More and more people are thinking about quitting their traditional lifestyle to try living in a camper as a way to save money. It sounds like a decent enough plan. You ditch a big mortgage payment or high rent, sell the stuff that causes you stress and mental clutter, and hit the road. Then the money you save on living expenses can all be put towards paying off your debt or saving for retirement.
Not only are you creating a better financial life, but you also get to do it all while you’re driving across the country and staying next to beaches or mountains or any number of beautiful locales.
But, let’s just get this out of the way… just like any other living situation, living in a camper is as cheap or expensive as you want to make it.
There are legit million dollar RVs that look like something a rock star would live in – heated marble floors, big-screen TVs, integrated sound system, even fireplaces.
Then there are people who pull out the backseats of a 1990-something Ford Astro van, throw in a mattress and hit the road. I met someone who had this exact setup, and they lived happily in their converted van with a bunny and a dog, for real.
We can all probably guess which of those two versions of living in a camper would be cheaper and help you pay off your debt.
The average person looking at living in a camper as a way to cut expenses is probably going to go for something in between that boujee RV and the Ford Astro van. And I would need more context before telling you that living in a camper was going to be cheaper than your more traditional living situation.
There are just so many factors that go into that equation, and here are the most important ones for you to think about…
11 financial factors for living in a camper
1. Cost of your camper/trailer/RV
This is going to be where most of your money goes when you start planning. There are several different options that range from $10,000-$300,000:
- Fifth wheel trailer – These ones have a U shaped hitch that attaches to the back of a pick-up truck, or other vehicle set up for towing.
- Motorhome/RV – This is a full-on home on wheels. You drive them and can often tow a vehicle behind you.
- Travel trailer – These attach to your tow hitch, and you’ll need a vehicle that can handle the tow behind weight.
- Camper – Typically the smallest option and these can be converted vans or dedicated travel campers.
Motorhomes and fifth-wheel trailers will give you the most space, and that’s going to be a huge consideration when picking which kind of vehicle you’re going to live in. If you’re traveling with someone else, maybe even pets or kids, having a larger vehicle may be a necessity.
A camper or travel trailer will be much better options for anyone traveling alone. And because they’re smaller, they’re easier to park and get around in.
But, let’s say you did want the largest option and opted for the RV, you can easily spend upwards of $100,000 on a new one.
For those of you who want something less expensive, a newer used travel trailer can cost $11,000-$20,000. New fifth wheels can cost $35,000.
But then how are you going to pay for that?

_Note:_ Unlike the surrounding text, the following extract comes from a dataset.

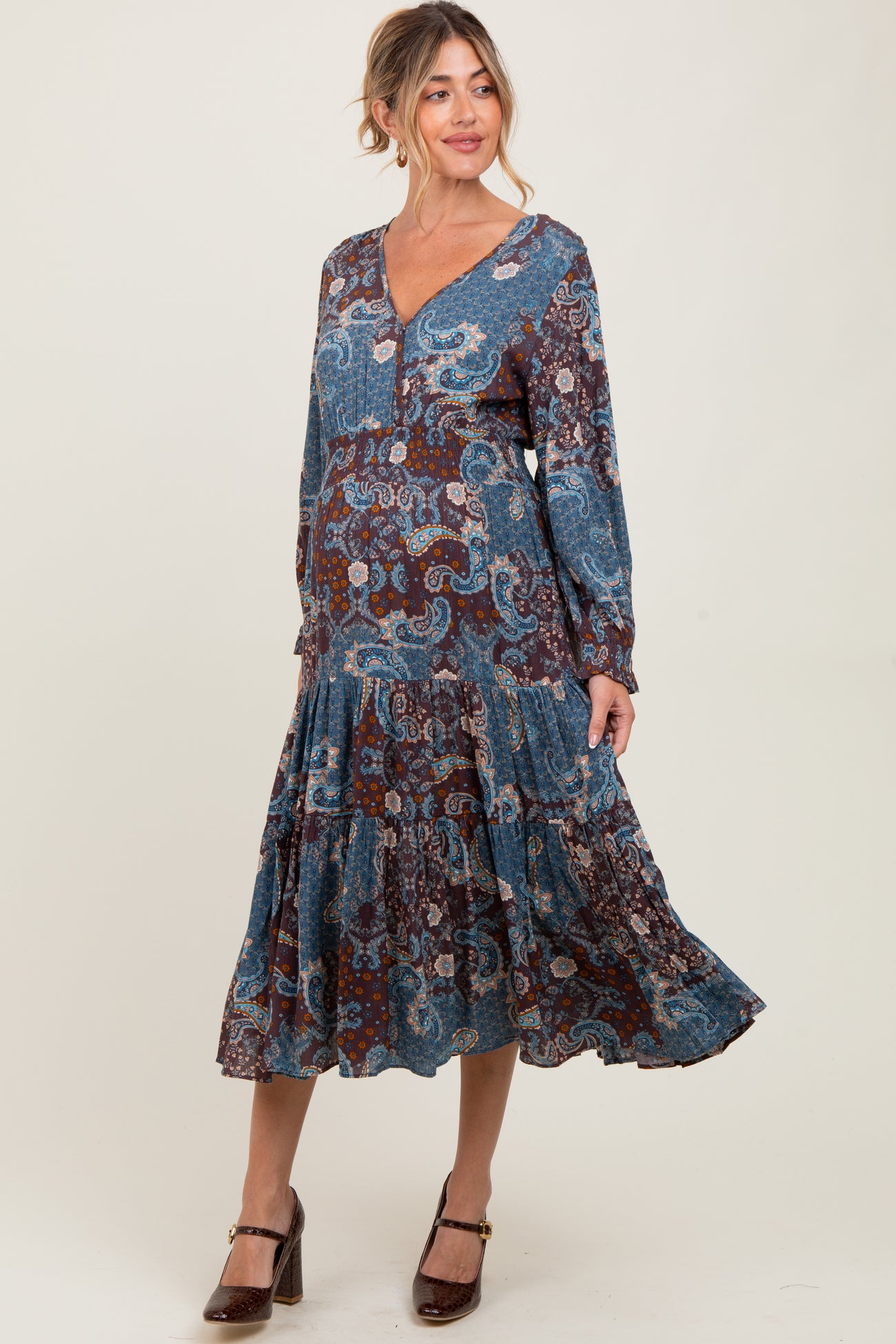 woman wearing a paisley print blue and brown maternity dress with a v-neck and tiered hem, showcasing her baby bump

If you’re planning on selling your house, is your house paid off or do you have enough equity built up that your house will cover the balance on your mortgage and the cost of your coach?
Do you have enough saved for one of the less expensive options? Are you thinking about taking out a loan for your camper? These are all important questions to ask yourself.
2. Fuel costs
Living in a camper doesn’t mean you have to be constantly traveling across the country. You can realistically find a place to park it (more on that in a second) and stay there for months.
If you do want to travel… I would want to… fuel is going to be a large expense, and it’s obviously going to be more expensive the larger your rig. This article has some great examples of what it costs to travel in a class A motorhome that runs on gas.
If you’re wanting to live in a camper to save money, staying put or traveling slowly is going to be the best way to reduce your fuel costs.
There are two different types of insurance you’ll have to consider when figuring out the cost of living in a camper:
- RV insurance
- Health insurance
Let’s start with RV insurance…
If you’re driving an RV or camper on the road, it will need to be insured, and it can cost you from $1,000-$2,000/year. You also have to insure a rig if you don’t own it outright.
Now health insurance…
Most of the RVers I know, at least the ones who travel full time, use health care sharing ministries because it’s really freaking hard to find traditional insurance that will cover you when you’re living out of state. The good news is that health care sharing ministries are often less expensive than traditional insurance, but most have strict rules about who and what they cover.
Learn more at:
- Medi-Share Review 2019: A Less Expensive Option for Health Care
- Liberty HealthShare Review: My Alternative to Health Insurance
Living in a camper and dealing with repairs is just like any other home or car – stuff breaks and you have to fix it. For brand new campers and RVs, you might have some stuff covered under a warranty, but then you’re paying more because it’s new.
One of my blogger friends lived in a massive RV and there were only a handful of places in the country that would service their specific RV. That could be a major bummer if you’re out on the road and had an issue.
Whatever you choose, having a nice chunk of cash set aside for repairs is going to be a must-have if you’re choosing to live in a camper.
5. Where you park
Most people who live in a camper are going to need to pay to park their rig. Here are a few types of places you can park, and what you can expect to pay:
- RV parks and privately owned campgrounds $25-$80/night. Monthly rates are generally a little less expensive. RV parks and private campgrounds come with water and electric hook-ups and have a place to dump your waste. The more expensive places might even have a pool, rec room, golf course, etc.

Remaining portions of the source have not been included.